Damage Control: Women on the Therapists, Beauticians and Trainers who Navigate Their Bodies
Various Authors Edited by: Emma Forrest
Traditionally, women share their secrets with their hairdressers. But what about their manicurists, masseurs, chi gong teachers, and tattoo artists? In Damage Control, women wax poetic about the experts and gurus who help them love themselves, sharing stories of everything from friendships born in the make-up chair to the utter dismay of a truly horrible haircut. In this book Minnie Driver finally meets a Frenchman who understands her hair . . . and tries to teach her not to hate it, Marian Keyes remembers the blow-dry that pushed her over the edge, Francesca Lia Block tells the ugly story of the plastic surgeon who promised to make her beautiful, and Rose McGowan explains why it's harder to be depressed when you're glamorous . . . and shows how it takes a village to transform from mere mortal to movie star.
by Various Authors
A waterproof collection of fourteen stories about the satisfactions (and tribulations) of learning to swim, making huge splashes, and just floating, among other aquatic pursuits. The book includes stories from bestselling and highly regarded authors including: John Cheever, Ernest Hemingway, John Updike, A.M. Holmes, Amy Bloom and David Foster Wallace. You can read it by the pool, in the pool, or even in the bathtub.
On Chesil Beach
by Ian McEwan
McEwan is the author of two collections of stories and ten previous novels, including Enduring Love, Atonement, Saturday and Amsterdam, for which he won the Booker Prize for in 1998. His newest book is set in July of 1962. Florence is a talented musician who dreams of a career on the concert stage and of the perfect life she will create with Edward, an earnest young history student at University College of London, who unexpectedly wooed and won her heart.
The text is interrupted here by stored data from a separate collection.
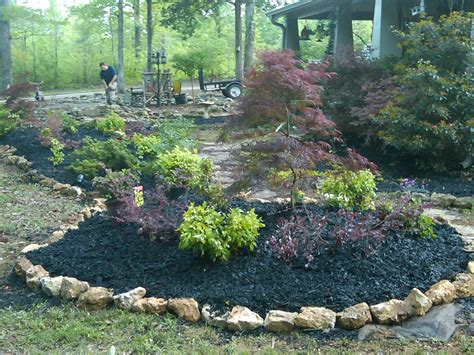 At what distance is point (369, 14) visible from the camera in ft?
63.4

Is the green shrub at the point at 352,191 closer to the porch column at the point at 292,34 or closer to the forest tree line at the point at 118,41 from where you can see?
the porch column at the point at 292,34

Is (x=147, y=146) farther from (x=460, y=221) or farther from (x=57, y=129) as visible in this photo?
(x=460, y=221)

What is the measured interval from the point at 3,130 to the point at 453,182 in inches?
337

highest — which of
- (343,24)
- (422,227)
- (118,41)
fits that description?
(343,24)

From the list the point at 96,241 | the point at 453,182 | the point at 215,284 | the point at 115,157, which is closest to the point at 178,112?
the point at 115,157

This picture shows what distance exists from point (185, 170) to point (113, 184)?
2.84ft

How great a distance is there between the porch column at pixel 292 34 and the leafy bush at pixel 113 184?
14.4m

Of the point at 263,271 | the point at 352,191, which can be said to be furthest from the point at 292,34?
the point at 263,271

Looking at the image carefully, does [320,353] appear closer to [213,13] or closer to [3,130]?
[3,130]

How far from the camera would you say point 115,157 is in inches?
308

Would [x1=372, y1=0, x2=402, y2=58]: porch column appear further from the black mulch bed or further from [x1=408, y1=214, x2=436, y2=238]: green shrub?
the black mulch bed

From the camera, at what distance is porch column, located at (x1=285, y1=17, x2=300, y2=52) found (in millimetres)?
19953

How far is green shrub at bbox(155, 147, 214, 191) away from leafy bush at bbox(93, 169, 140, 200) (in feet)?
1.28

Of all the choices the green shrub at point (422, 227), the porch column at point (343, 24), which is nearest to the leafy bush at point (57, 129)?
the green shrub at point (422, 227) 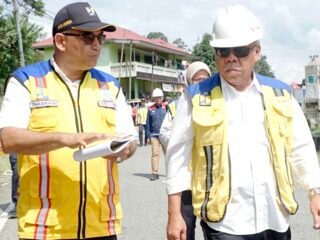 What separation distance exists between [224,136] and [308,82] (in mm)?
18332

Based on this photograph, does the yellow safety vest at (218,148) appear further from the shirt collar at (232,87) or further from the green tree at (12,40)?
the green tree at (12,40)

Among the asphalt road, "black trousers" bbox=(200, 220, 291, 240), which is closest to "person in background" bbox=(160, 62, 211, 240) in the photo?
"black trousers" bbox=(200, 220, 291, 240)

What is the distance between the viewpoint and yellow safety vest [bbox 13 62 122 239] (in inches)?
111

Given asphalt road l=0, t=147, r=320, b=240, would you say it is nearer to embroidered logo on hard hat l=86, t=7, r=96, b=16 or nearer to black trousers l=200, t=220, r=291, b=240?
black trousers l=200, t=220, r=291, b=240

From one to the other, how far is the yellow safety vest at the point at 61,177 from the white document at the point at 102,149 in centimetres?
19

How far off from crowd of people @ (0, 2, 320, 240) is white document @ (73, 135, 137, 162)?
0.16 feet

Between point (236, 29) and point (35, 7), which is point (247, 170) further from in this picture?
point (35, 7)

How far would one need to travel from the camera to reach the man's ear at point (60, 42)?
2.97 metres

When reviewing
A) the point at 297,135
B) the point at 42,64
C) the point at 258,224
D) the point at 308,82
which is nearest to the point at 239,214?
the point at 258,224

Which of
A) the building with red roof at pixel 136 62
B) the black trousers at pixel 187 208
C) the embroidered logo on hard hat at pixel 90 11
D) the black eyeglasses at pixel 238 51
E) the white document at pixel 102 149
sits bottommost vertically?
the black trousers at pixel 187 208

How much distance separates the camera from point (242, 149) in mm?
2967

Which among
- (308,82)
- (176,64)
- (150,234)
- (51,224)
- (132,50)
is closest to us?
(51,224)

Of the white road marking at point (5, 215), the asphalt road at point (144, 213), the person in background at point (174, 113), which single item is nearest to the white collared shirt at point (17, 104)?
the person in background at point (174, 113)

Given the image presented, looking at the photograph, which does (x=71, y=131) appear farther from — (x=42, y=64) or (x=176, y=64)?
(x=176, y=64) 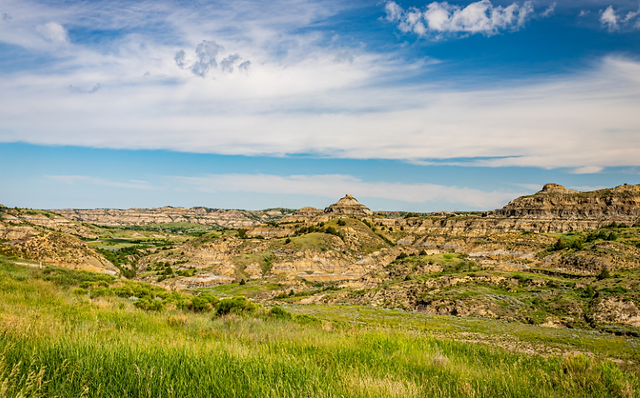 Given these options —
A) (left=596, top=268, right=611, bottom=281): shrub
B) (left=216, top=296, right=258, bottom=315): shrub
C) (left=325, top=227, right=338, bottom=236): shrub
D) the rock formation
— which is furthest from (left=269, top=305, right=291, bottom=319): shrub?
the rock formation

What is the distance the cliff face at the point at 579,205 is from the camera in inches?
4080

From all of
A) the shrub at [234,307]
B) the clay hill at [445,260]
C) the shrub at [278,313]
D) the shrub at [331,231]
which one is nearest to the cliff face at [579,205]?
the clay hill at [445,260]

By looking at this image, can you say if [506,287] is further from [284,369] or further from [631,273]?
[284,369]

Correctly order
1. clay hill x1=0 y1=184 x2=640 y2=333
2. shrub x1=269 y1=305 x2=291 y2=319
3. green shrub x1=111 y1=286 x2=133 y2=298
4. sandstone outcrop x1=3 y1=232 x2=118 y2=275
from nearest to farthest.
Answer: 1. green shrub x1=111 y1=286 x2=133 y2=298
2. shrub x1=269 y1=305 x2=291 y2=319
3. clay hill x1=0 y1=184 x2=640 y2=333
4. sandstone outcrop x1=3 y1=232 x2=118 y2=275

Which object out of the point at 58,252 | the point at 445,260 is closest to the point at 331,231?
the point at 445,260

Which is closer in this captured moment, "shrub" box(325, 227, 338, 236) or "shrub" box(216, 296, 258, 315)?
"shrub" box(216, 296, 258, 315)

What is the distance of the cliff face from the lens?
340 ft

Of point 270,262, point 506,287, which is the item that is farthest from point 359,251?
point 506,287

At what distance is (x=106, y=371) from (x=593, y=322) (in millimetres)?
57637

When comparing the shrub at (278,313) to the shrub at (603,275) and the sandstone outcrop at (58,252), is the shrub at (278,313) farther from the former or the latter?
the shrub at (603,275)

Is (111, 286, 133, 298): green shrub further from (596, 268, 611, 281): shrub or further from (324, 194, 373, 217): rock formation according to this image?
(324, 194, 373, 217): rock formation

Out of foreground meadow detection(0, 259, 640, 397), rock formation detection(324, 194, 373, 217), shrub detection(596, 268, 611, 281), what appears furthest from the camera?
rock formation detection(324, 194, 373, 217)

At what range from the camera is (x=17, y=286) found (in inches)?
567

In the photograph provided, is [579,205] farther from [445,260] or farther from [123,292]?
[123,292] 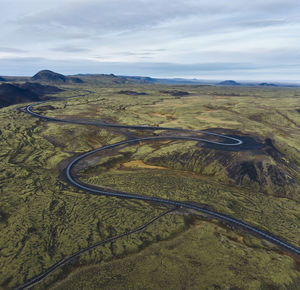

Newly married that morning, both virgins, Edward and Florence arrive at a hotel on the Dorset coast. At dinner in their rooms they struggle to suppress their worries about the wedding night to come. Edward, eager for rapture, frets over Florence's response to his advances and nurses a private fear of failure, while Florence's anxieties run deeper: she is overcome by sheer disgust at the idea of physical contact, but dreads disappointing her husband when they finally lie down together in the honeymoon suite. On Chesil Beach is a story of lives transformed by a gesture not made or a word not spoken.